L'opposition togolaise
Par Timothée Jean
Publié le 29 décembre 2017 à 11:14 | mis à jour le 29 décembre 2017 à 11:14

Alors que les manifestations se poursuivent toujours au Togo, les leaders de l’opposition se rendront ce vendredi 29 décembre au Ghana pour des échanges avec le président Nana Akufo-Addo. Objectif, discuter de la sortie de crise qui secoue le pays depuis près de trois mois.

L’opposition attendue chez Nana Akufo-Addo, signe de fin de crise politique au Togo ?

En ce jour, les principaux chefs de l’opposition Brigitte Kafui Adjamagbo-Johnson, Tikpi Salifou Atchadam et Jean-Pierre Fabre se rendront à Accra pour rencontrer le président ghanéen Nana Akufo-Addo, représentant l’ensemble des chefs d’État impliqués dans le dossier togolais.

La médiation ghanéenne a régulièrement organisé des tractations avec l’opposition et des consultations avec gouvernement, mais le dialogue tant annoncé peine toujours à démarrer. Les chefs d’État et de gouvernement de la Cedeao n’ont d’ailleurs pris aucune décision majeure concernant la résolution du conflit togolais, ils ont évoqué brièvement la situation lors de la 52e Conférence de la Cedeao, qui s'est tenue le 16 décembre à Abuja.

Selon des sources autorisées, les chefs de la coalition politique sont donc présents dans la capitale pour connaitre la version officielle de la décision prise par la Cedeao sur la question de sortie de crise au Togo.

Par ailleurs, la visite des trois leaders de la coalition suscite diverses interrogations, surtout que les mobilisations à Lomé semblent s’intensifier ces derniers jours.

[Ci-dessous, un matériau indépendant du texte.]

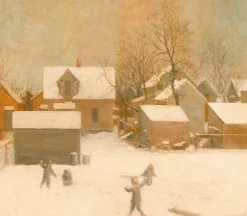 Best Prism Path Giclee Print From Vesterheim's Collections - City Snow With Children By Olaf Aalbu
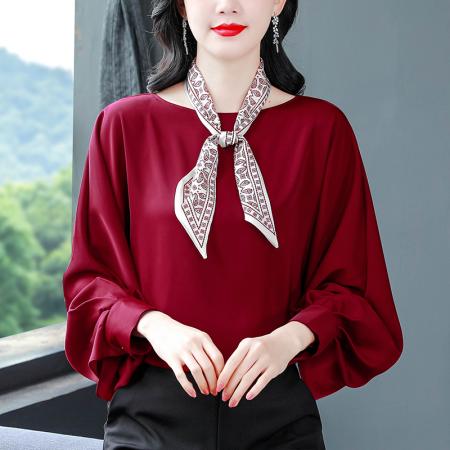 FA54897# 圆领雪纺上衣女长袖春装新款蝴蝶结衬衫宽松套头遮肚小衫  服裝批發女裝批發服飾貨源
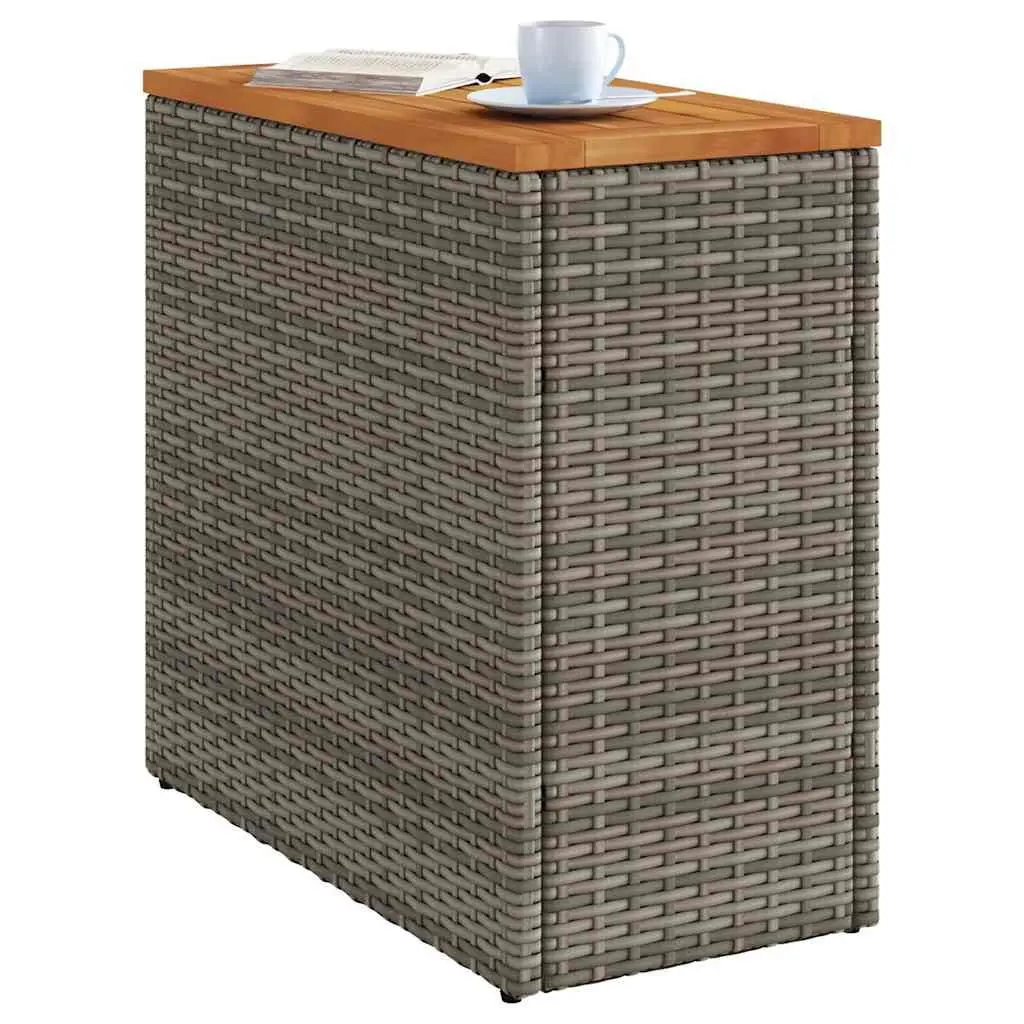 Garden Side Table Grey Poly Rattan Wooden Top 58 x 27.5 x 55 cm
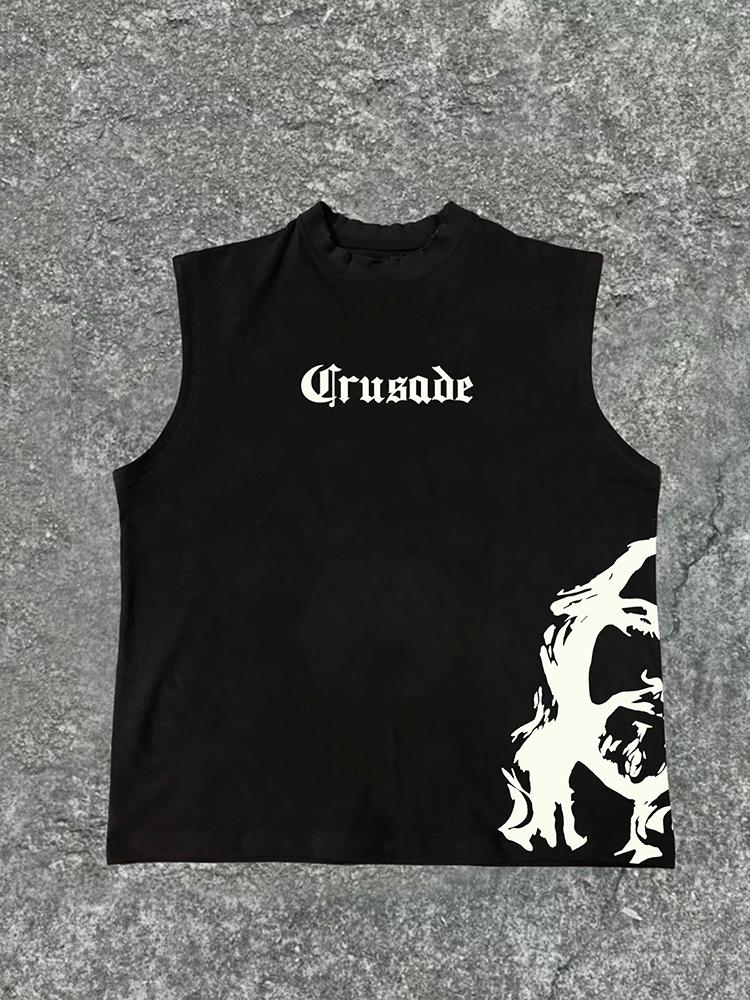 Sopula Fashionable God-Crusade Print Cotton Casual Tank Top Product Image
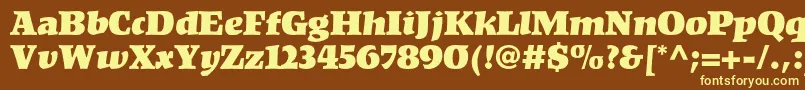 Шрифт Kompaktltstd – жёлтые шрифты на коричневом фоне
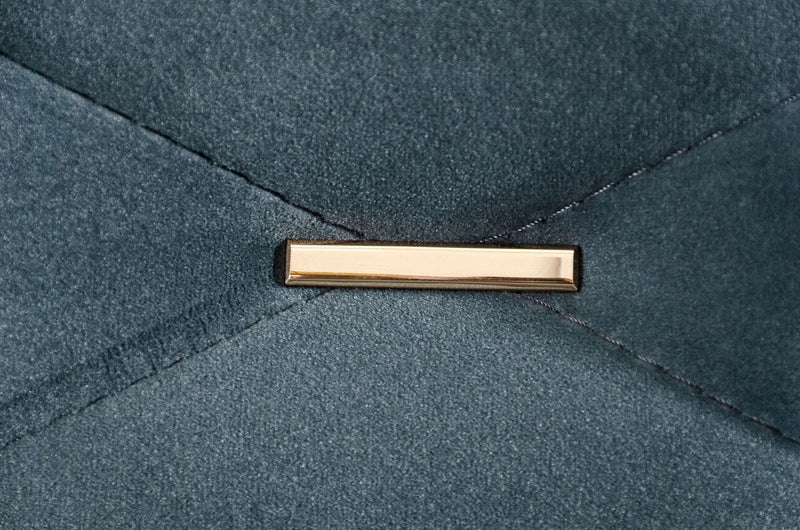 Divani Casa Chesterfield - Blue Velvet Right Facing Sectional Sofa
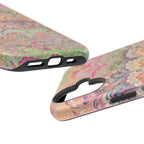 Marbled Pastel Pink and Green Impact-Resistant Phone Case for Apple + Samsung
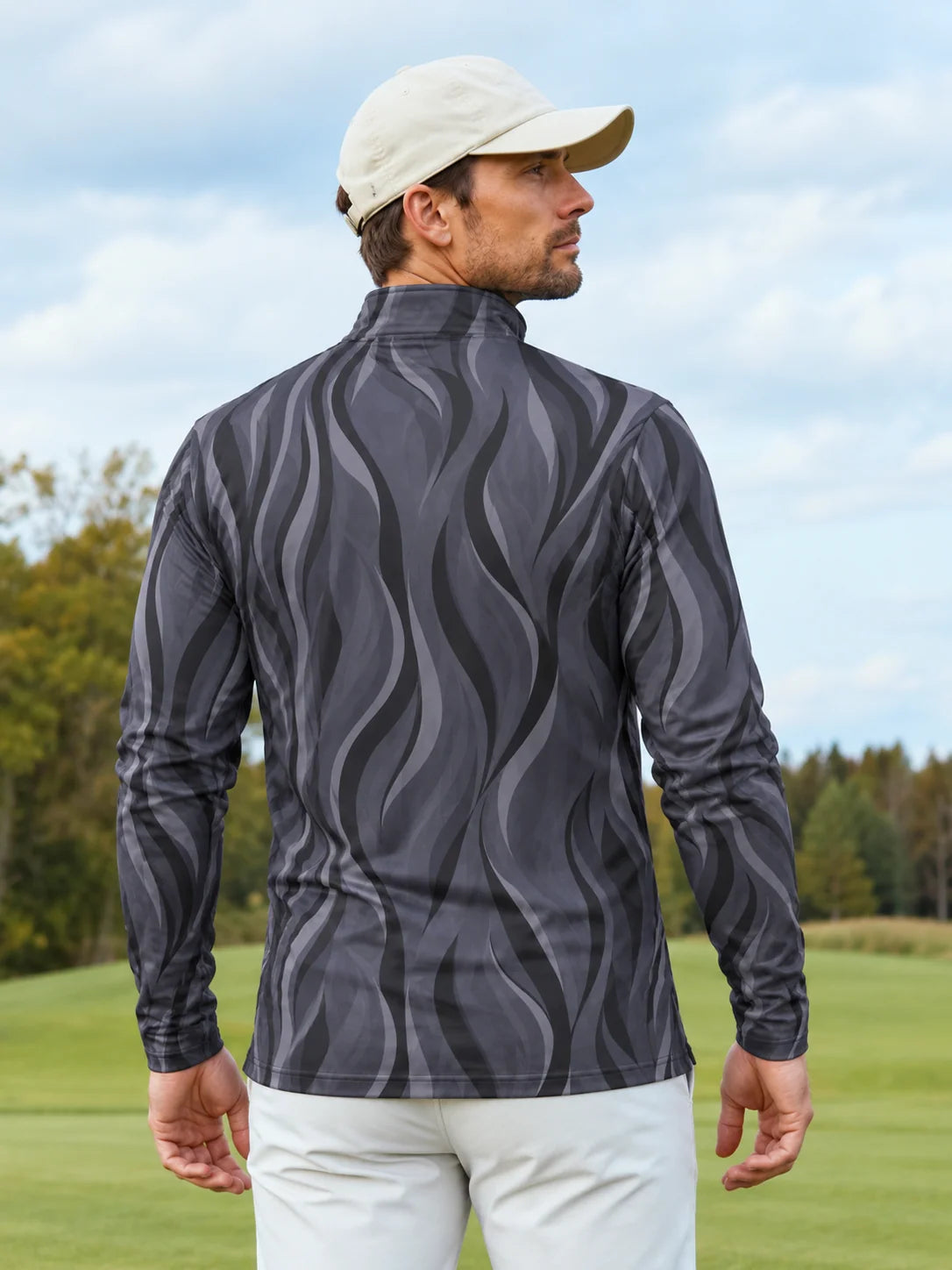 Anthrazitgrauer Golf-Pullover mit Wellenmuster und Viertelreißverschluss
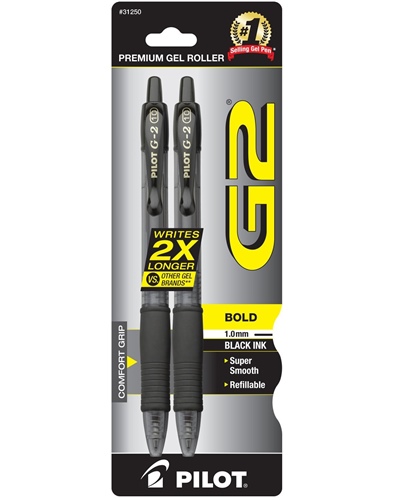 Pilot G2 Retractable Gel Roller Pen, 2 Pack
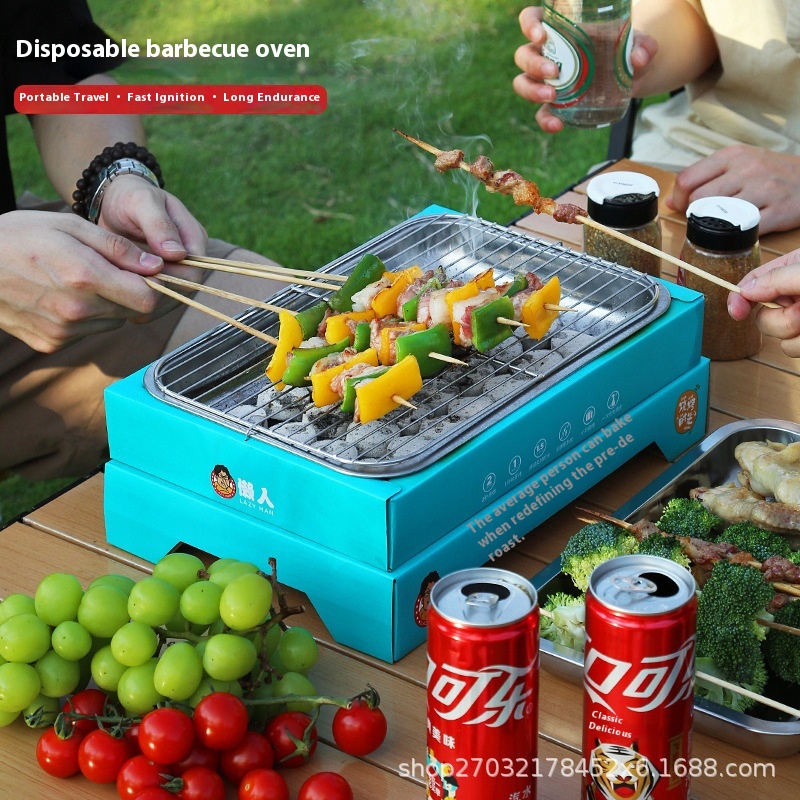 Zibo Barbecue Grills Lazy Barbecue Grill Outdoor Portable Stainless Steel Disposable Barbecue Grill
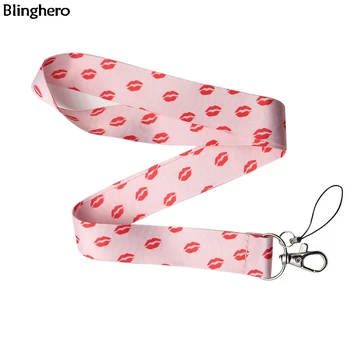 

10pcs/lot Blinghero Kiss Print Lanyard For keys Kawaii Female Phone Keys Holder Neck Straps Hang Ropes Gift for Female BH0218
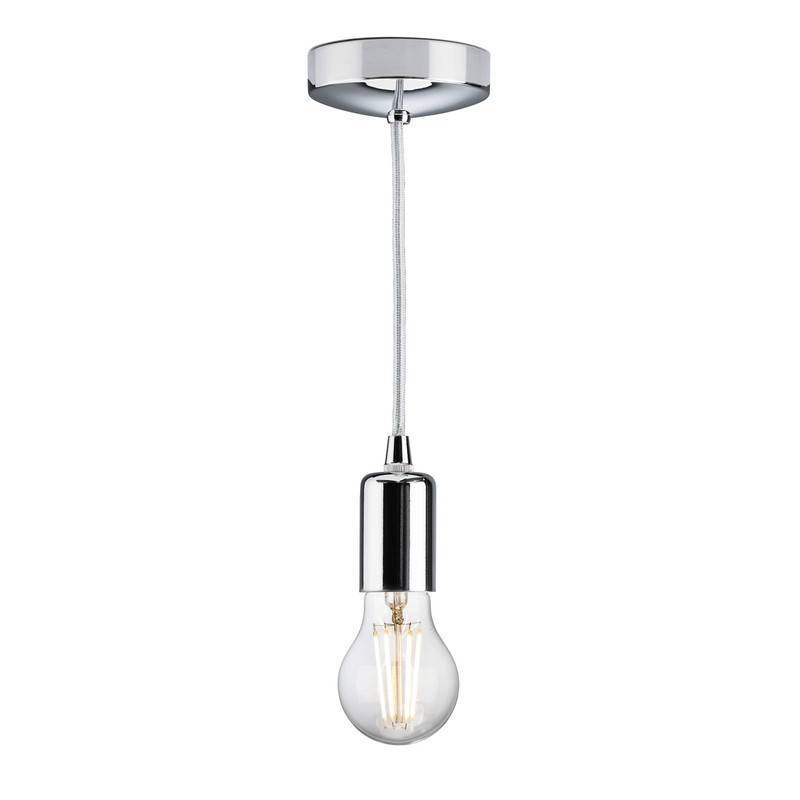 Knightsbridge 6 Inch E27 Vintage Pendant Set in Polished Chrome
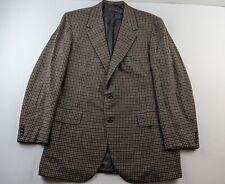 Oxxford Clothes Crown Cashmere 42 Houndstooth Brown Plaid Sport Coat Jacket P for sale  Shipping to South Africa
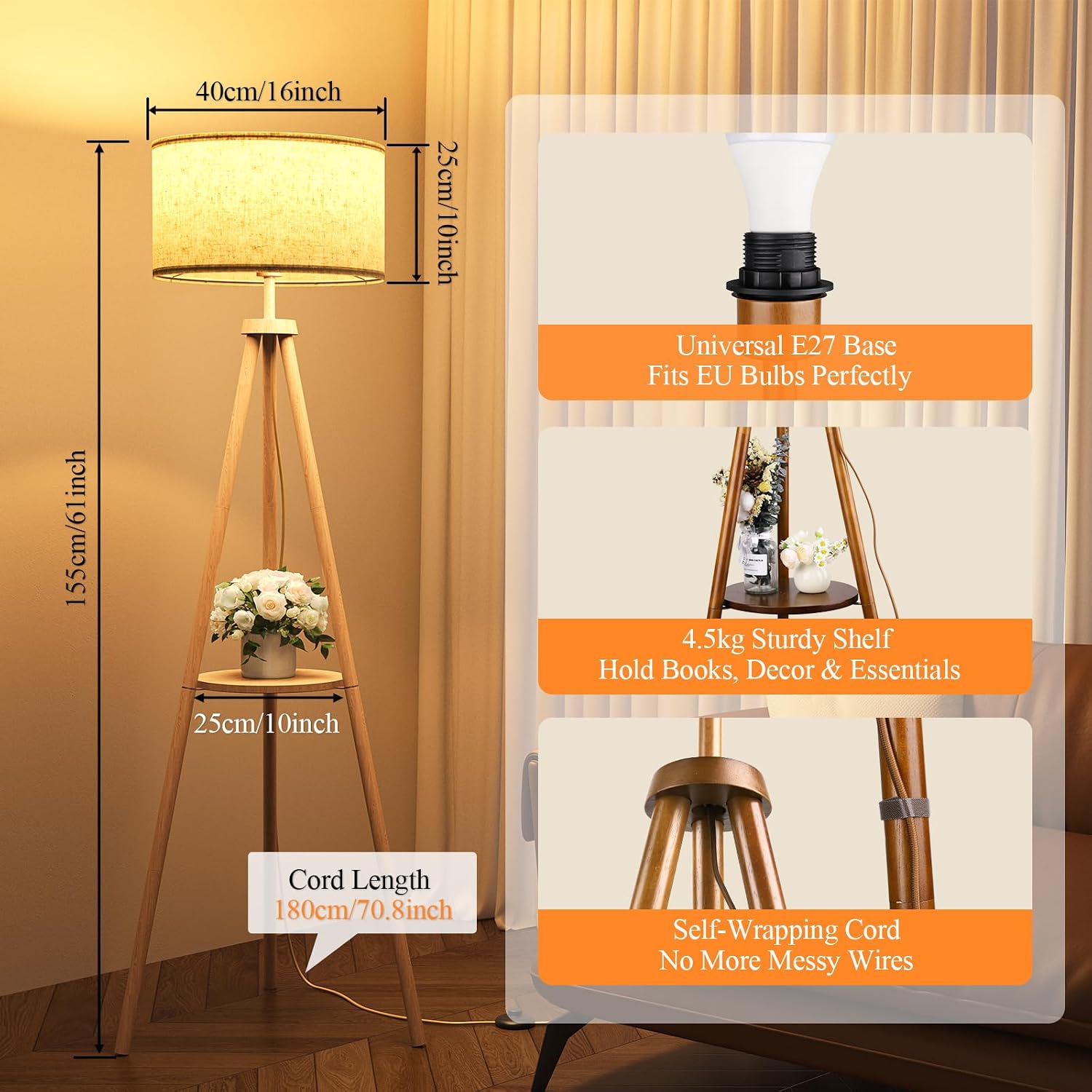 Thumbnail 4 de YICAIZI Tripod Floor Lamp with Storage Shelves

Cette visite serait-elle une intention manifeste de renforcer la prise de position de la coalition ou une volonté d’adhérer au schéma de sortie de crise proposé par régime Faure Gnassingbé ?


Il faut souligner que le Président togolais, dans son message de fin d'année à la nation, a maintenu avec l'ensemble de la classe politique et les forces vives togolaises un dialogue inclusif et permanent, mais l'opposition s'y refuse toujours.